China Ocean Shipping Group companies slid after China regulator has nodded the restructuring of the China Ocean Shipping (Group) (COSCO) and the China Shipping (Group). Two of China Ocean Shipping's units -- China Cosco Holdings slid 27.9% to HK$3.56 and Cosco Pacific plunged 17.3% to HK$8.29, while China Shipping's unit China Shipping Development Co. advanced8.2% to HK$5.94.

Indian stocks retain positive zone

Indian stock market moved within a narrow range in positive zone in afternoon trading. At 1.15 pm, Sensex was up 108 points at 25,153. Nifty was up 37.60 points at 7648.05. The market breadth indicating the overall health of the market was positive.

Shares related to auto counter remained under pressure after the National Green Tribunal (NGT) on Friday ordered immediate ban on registration of diesel-run cars in the national capital.

The share price of Hotel Leelavenutre gained 1.8% after it has received an approval from the Competition Commission of India (CCI) for sale of its Goa property.
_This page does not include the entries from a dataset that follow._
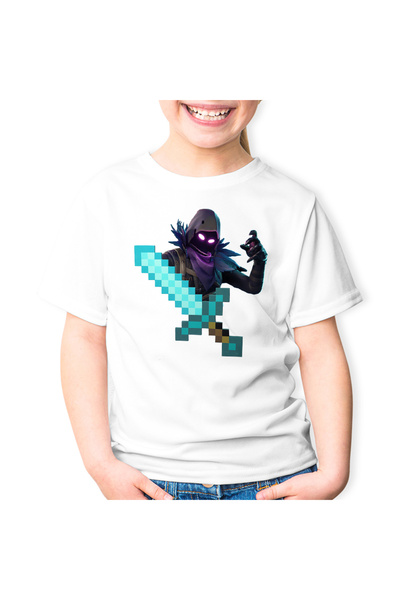 OEM Tricou copii Raven Fortnite Minecraft Diamond Sword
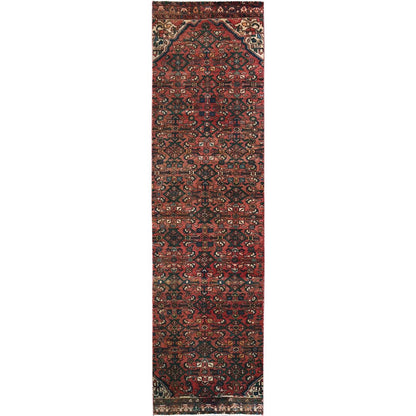 Overdyed & Vintage Wool Hand Knotted Rug Red 2.5x9.4 -O0837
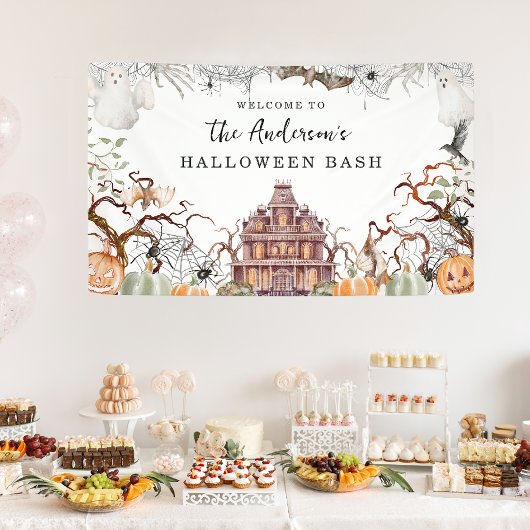 Ouderwetse Griezeltuin Halloweenfeestje Spandoek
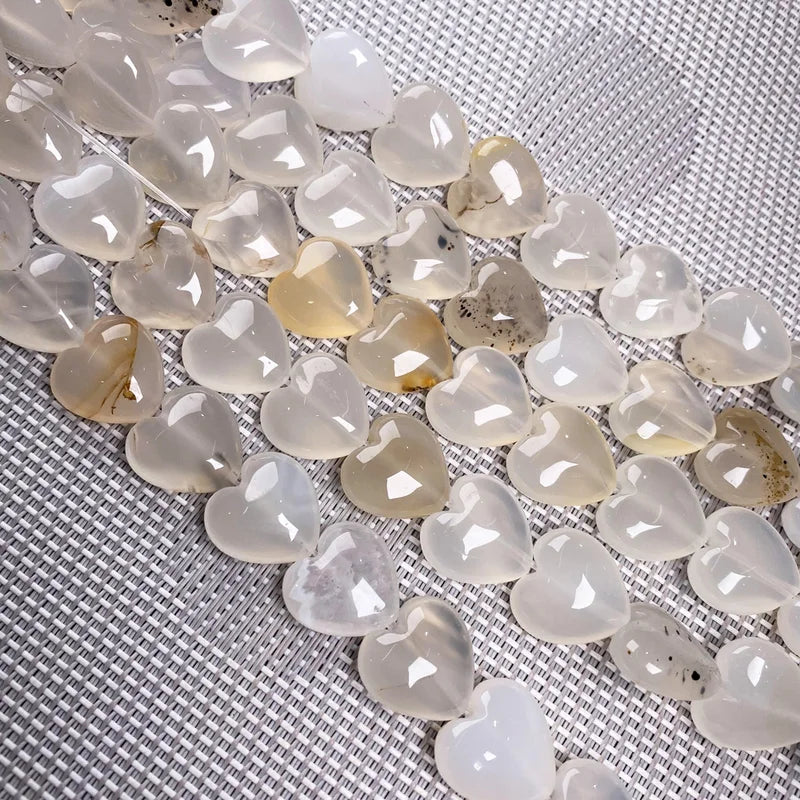 Natural Stone Heart-Shaped Beads for Jewelry Making - 16x16x8mm DIY Craft Supplies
CCI approved acquisition of Hotel Leelaventure's Goa property by Malaysia-based MetTube.

Infosys rose 1% after the company said that it has made an investment of $3 million in WHOOP Inc., an early stage company in the US offering a performance optimization system for elite professional sports teams

The latest data showed that inflation based on the wholesale price index (WPI) remained in negative zone in November 2015. WPI stood at negative 1.99% in November 2015 compared to a reading of negative 3.81% for October 2015.

Elsewhere in the Asia Pacific region: Taiwan's Taiex index fell 0.8% to 8053. South Korea's KOPSI sank 1% to 1929. Malaysia's KLCI slipped 0.8% to 1627. Singapore's Straits Times index lost 0.9% at 2809. Indonesia's Jakarta Composite index shed 1.1% to 4343. New Zealand's NZX50 dropped 0.6% to 6035.